→ Data

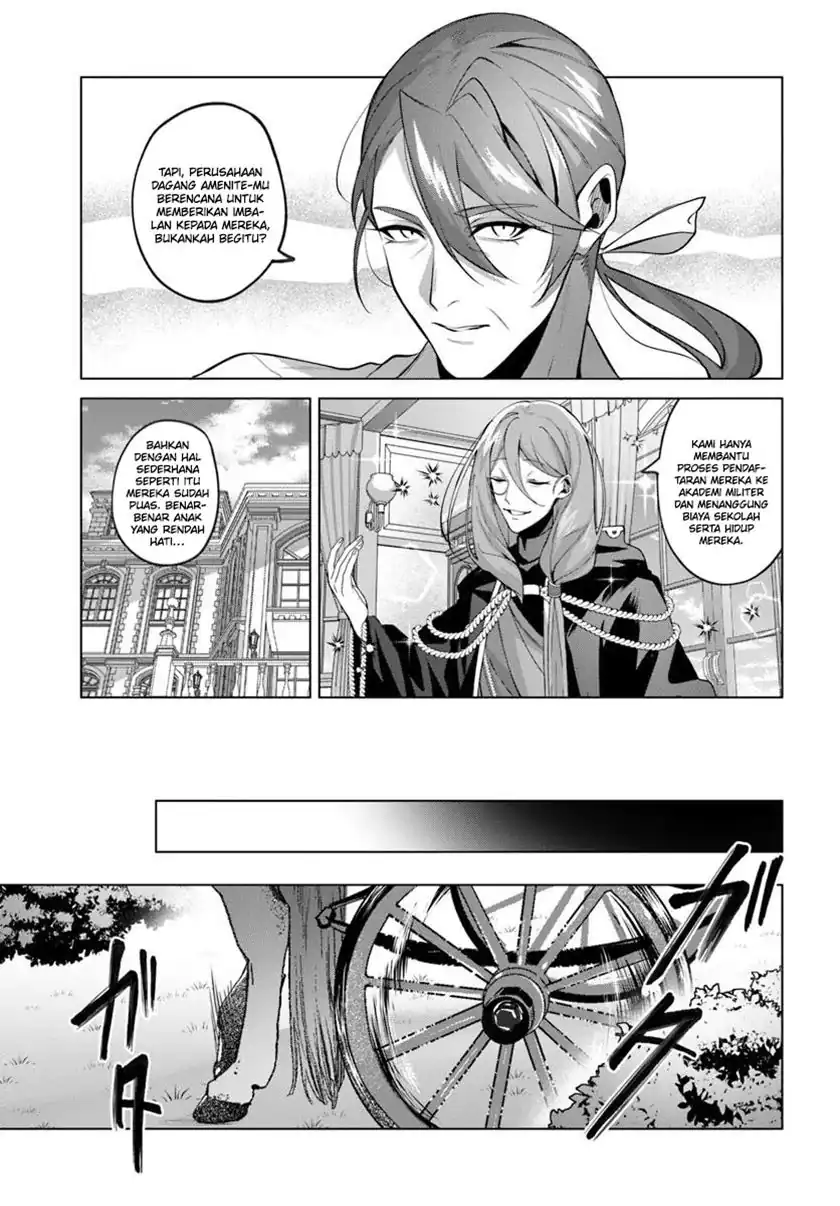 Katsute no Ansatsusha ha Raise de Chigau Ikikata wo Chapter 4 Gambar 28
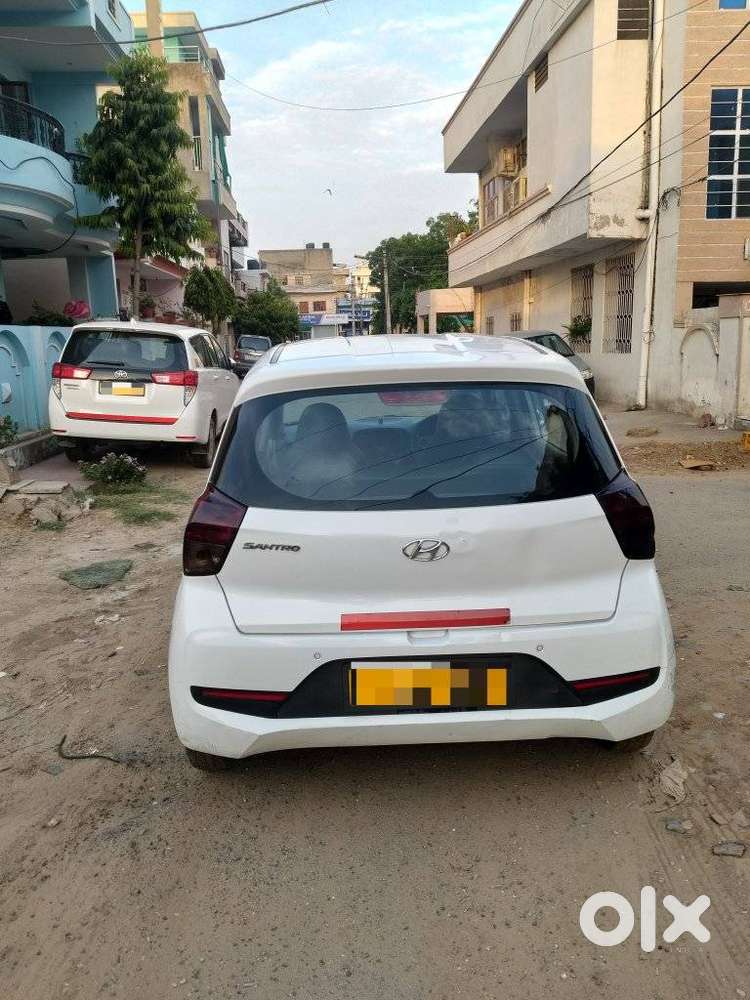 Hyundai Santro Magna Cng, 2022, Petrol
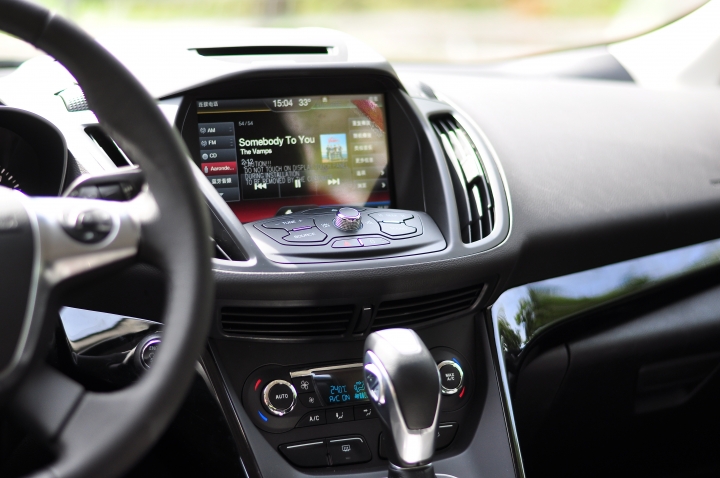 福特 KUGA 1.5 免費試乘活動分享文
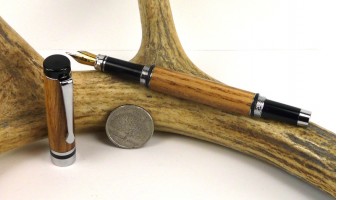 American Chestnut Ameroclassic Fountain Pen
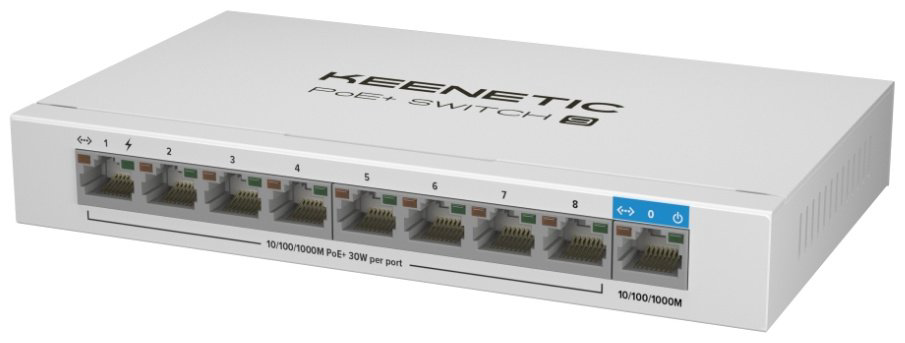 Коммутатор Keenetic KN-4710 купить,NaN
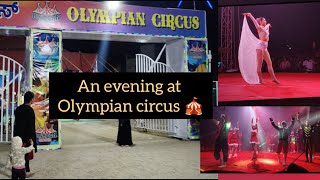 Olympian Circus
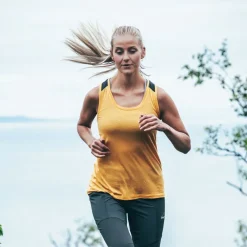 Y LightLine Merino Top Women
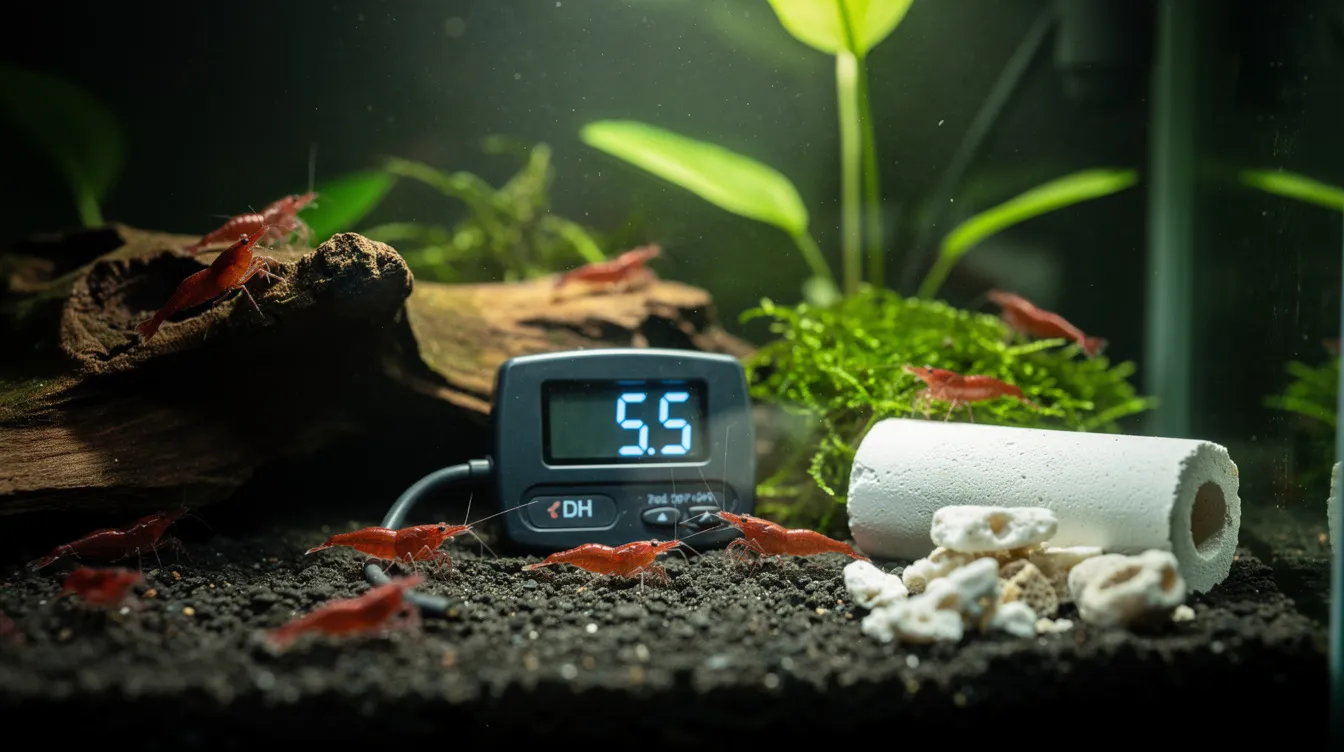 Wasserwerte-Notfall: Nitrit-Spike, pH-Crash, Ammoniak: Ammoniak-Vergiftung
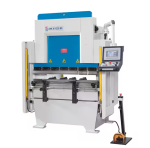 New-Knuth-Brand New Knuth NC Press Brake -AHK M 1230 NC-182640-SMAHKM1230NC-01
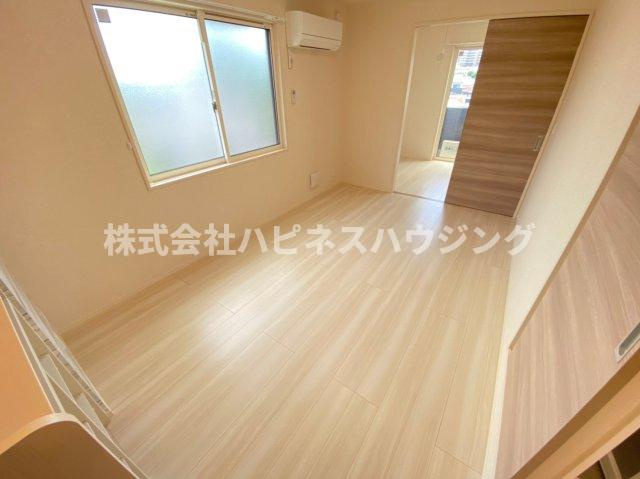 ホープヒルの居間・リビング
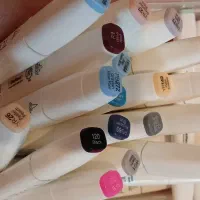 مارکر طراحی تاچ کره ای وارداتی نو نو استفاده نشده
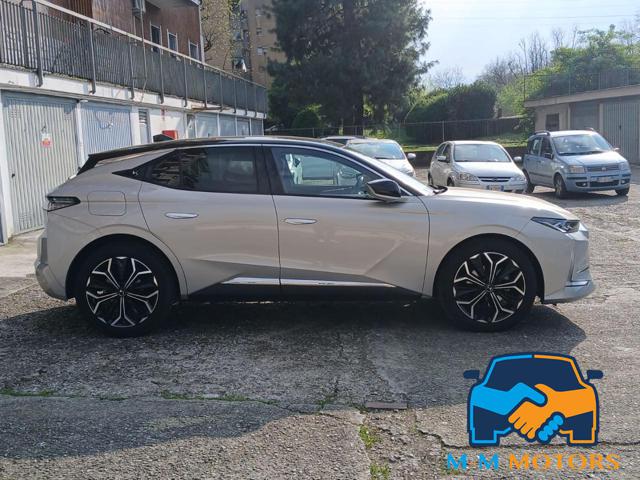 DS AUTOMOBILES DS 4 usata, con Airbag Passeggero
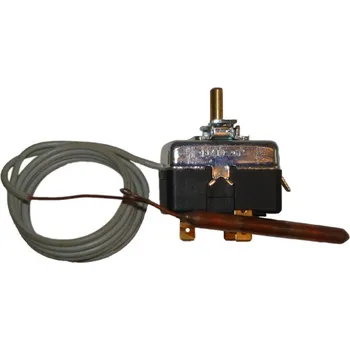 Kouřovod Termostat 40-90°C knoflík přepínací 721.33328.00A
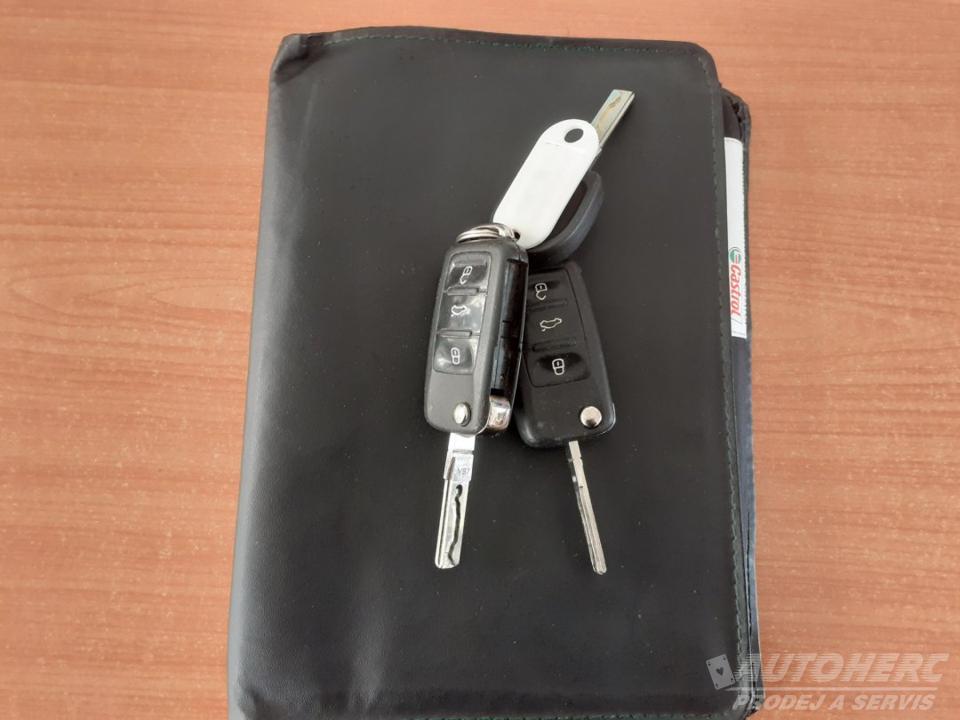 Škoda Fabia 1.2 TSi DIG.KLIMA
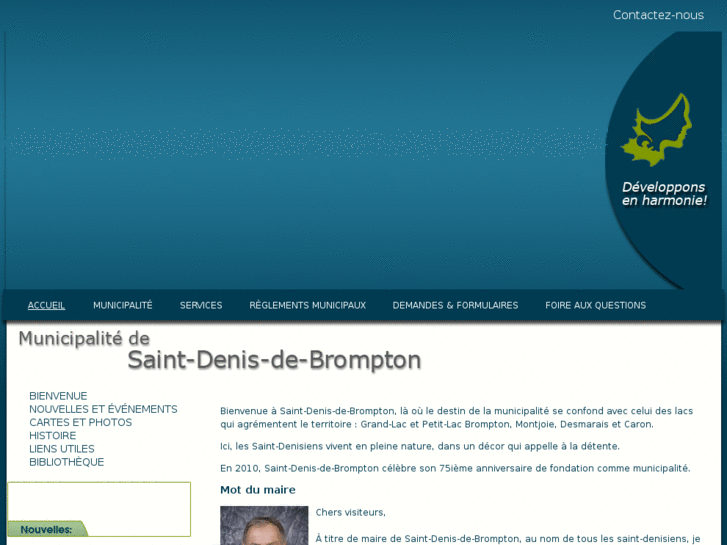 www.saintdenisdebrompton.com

→ Work item
The whole listing above should be restated word for word, minus any images.

→ Answer to this problem
 Katsute no Ansatsusha ha Raise de Chigau Ikikata wo Chapter 4 Gambar 28
 Hyundai Santro Magna Cng, 2022, Petrol
 福特 KUGA 1.5 免費試乘活動分享文
 American Chestnut Ameroclassic Fountain Pen
 Коммутатор Keenetic KN-4710 купить,NaN
 Olympian Circus
 Y LightLine Merino Top Women
 Wasserwerte-Notfall: Nitrit-Spike, pH-Crash, Ammoniak: Ammoniak-Vergiftung
 New-Knuth-Brand New Knuth NC Press Brake -AHK M 1230 NC-182640-SMAHKM1230NC-01
 ホープヒルの居間・リビング
 مارکر طراحی تاچ کره ای وارداتی نو نو استفاده نشده
 DS AUTOMOBILES DS 4 usata, con Airbag Passeggero
 Kouřovod Termostat 40-90°C knoflík přepínací 721.33328.00A
 Škoda Fabia 1.2 TSi DIG.KLIMA
 www.saintdenisdebrompton.com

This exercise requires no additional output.